On 07/28/2014 09:12 AM, Vladimir Mosgalin wrote:
Hi ToddAndMargo!

  On 2014.07.27 at 22:25:08 -0700, ToddAndMargo wrote next:

Why would you *want* that? Seriously? When backups of files, rather
than filesystems, are much more easily mirrored onto a read-only,
accessible target to allow people to recover their deleted files
quickly and cheaply?

Even if you need to back up to tape, AMANDA and half a dozen other
technologies do a much better job with "tar" or "rsync" based backups.


Hi Nico,

1) It is *insanely* fast

2) it is command line

3) I am the one that does the recovering, not the user.
    (I leave the backup drives unmounted when not on use
    on purpose!  I do not want the user anywhere near
    those drives.)

"Dump was a stupid program in the first place. Leave it behind."
"Dump may work fine for you a thousand times. But it _will_ fail under
the right circumstances. And there is nothing you can do about it."

http://lwn.net/2001/0503/a/lt-dump.php3


Seriously, don't use dump. Backup software that highly depends on fs
implementation is a very bad idea in modern world. Accessing data at low
level from fs mounted in r/w (i.e. the data might be modified, so
special tricks are required to extract meaningful copy) is just asking
for trouble.

Note also that dump is
1) highly unportable (in Linux: ext2/3/4 only, *BSD dump isn't
    compatible with Linux version and so on)
2) not supported in other UNIX operating systems anymore because its
    design doesn't work with modern file system design. dump/restore
    don't exist in Solaris 11 at all (official recommendation:
    zfs dump/restore for whole backups, cpio/tar/rdiff-backup/areca/etc
    for more agile backups).

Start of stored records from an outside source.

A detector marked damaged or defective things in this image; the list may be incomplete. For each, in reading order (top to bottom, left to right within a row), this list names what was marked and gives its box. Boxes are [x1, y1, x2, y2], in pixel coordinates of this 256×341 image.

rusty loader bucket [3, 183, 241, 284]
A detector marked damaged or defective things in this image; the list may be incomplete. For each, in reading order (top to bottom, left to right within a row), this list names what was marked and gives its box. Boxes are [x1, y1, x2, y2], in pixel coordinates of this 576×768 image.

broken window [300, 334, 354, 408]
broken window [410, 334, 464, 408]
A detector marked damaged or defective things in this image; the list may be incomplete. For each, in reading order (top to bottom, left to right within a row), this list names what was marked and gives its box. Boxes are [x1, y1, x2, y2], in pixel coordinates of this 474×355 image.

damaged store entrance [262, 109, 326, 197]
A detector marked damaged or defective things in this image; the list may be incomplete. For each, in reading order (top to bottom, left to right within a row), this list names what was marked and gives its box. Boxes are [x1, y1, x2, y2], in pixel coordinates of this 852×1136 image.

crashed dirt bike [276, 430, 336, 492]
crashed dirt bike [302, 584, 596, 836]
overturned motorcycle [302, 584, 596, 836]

For AIX IBM recommends tar and cpio for
    file-level backup as modern replacements
    
(http://www.ibmsystemsmag.com/aix/administrator/backuprecovery/Backup-and-Restore-With-AIX)

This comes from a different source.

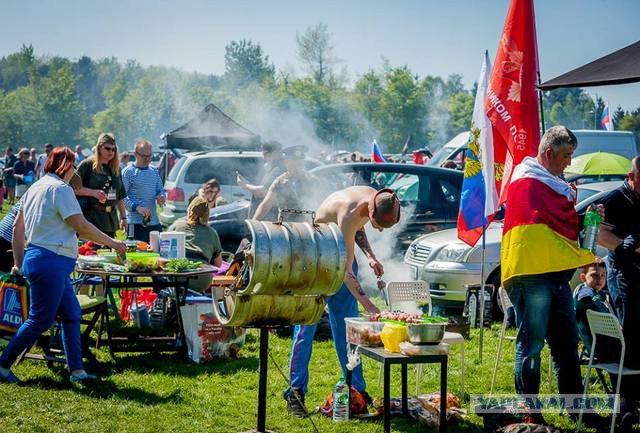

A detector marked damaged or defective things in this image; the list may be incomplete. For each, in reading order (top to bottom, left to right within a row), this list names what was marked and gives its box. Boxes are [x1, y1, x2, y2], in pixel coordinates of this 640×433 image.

rusty metal keg [212, 210, 348, 328]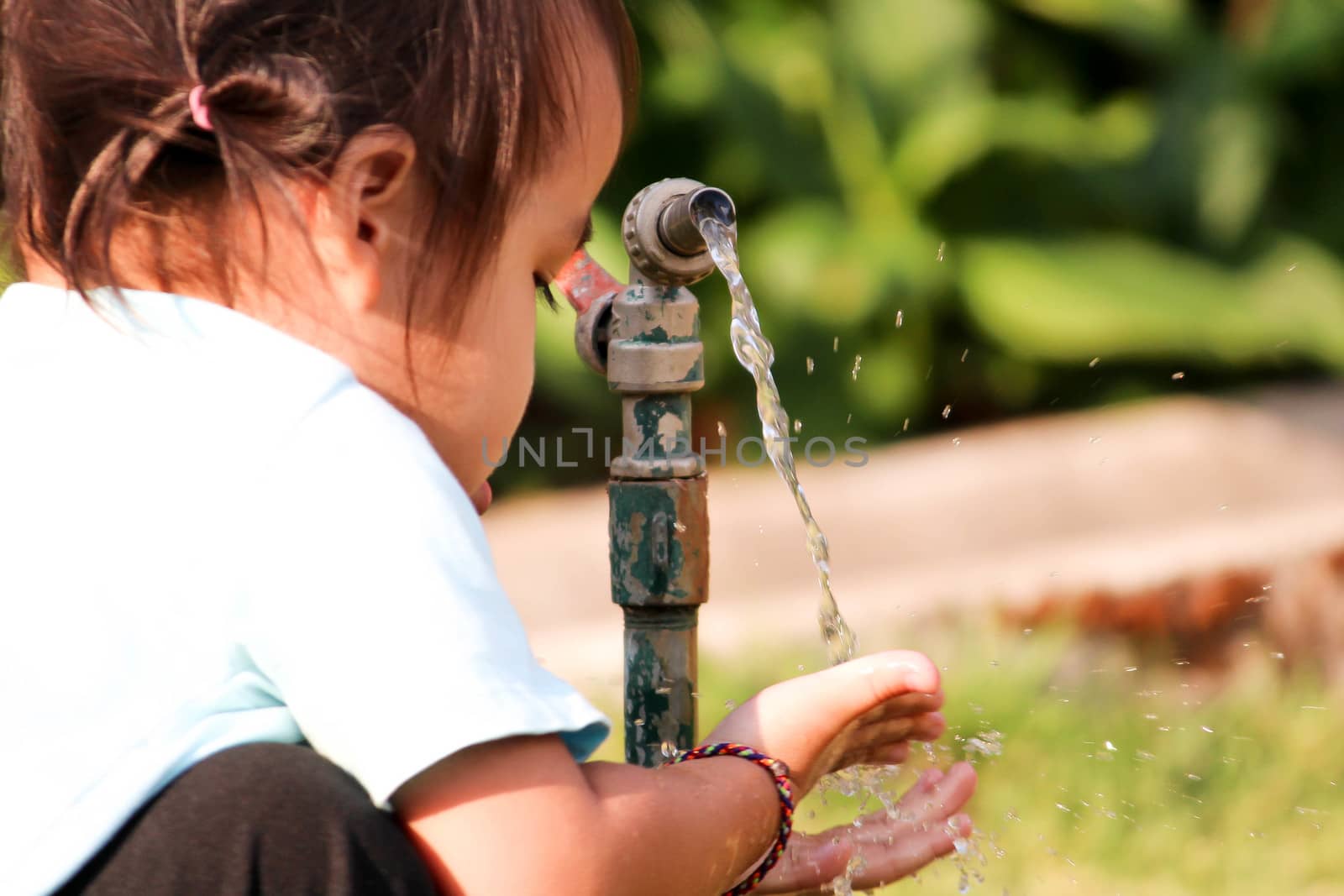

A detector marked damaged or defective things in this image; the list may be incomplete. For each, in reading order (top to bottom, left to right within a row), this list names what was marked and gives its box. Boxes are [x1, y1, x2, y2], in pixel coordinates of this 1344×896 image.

rusty metal faucet [554, 178, 736, 766]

If are 100% sure that you need fs-level backup instead of file-level
backup, then don't ask for things impossible by definition (restoring
fs-level backup to another fs).


Yes, dump/restore are fast but they are able to do it by duplicating
parts of kernel fs implementation in userspace, which is why there will
be irresistible problems with them.

Hi Vladimir,

  Is xfsdump any better?

  What do you prefer in its place?

  It looks like a full wipe to go to 7 and xfs anyway.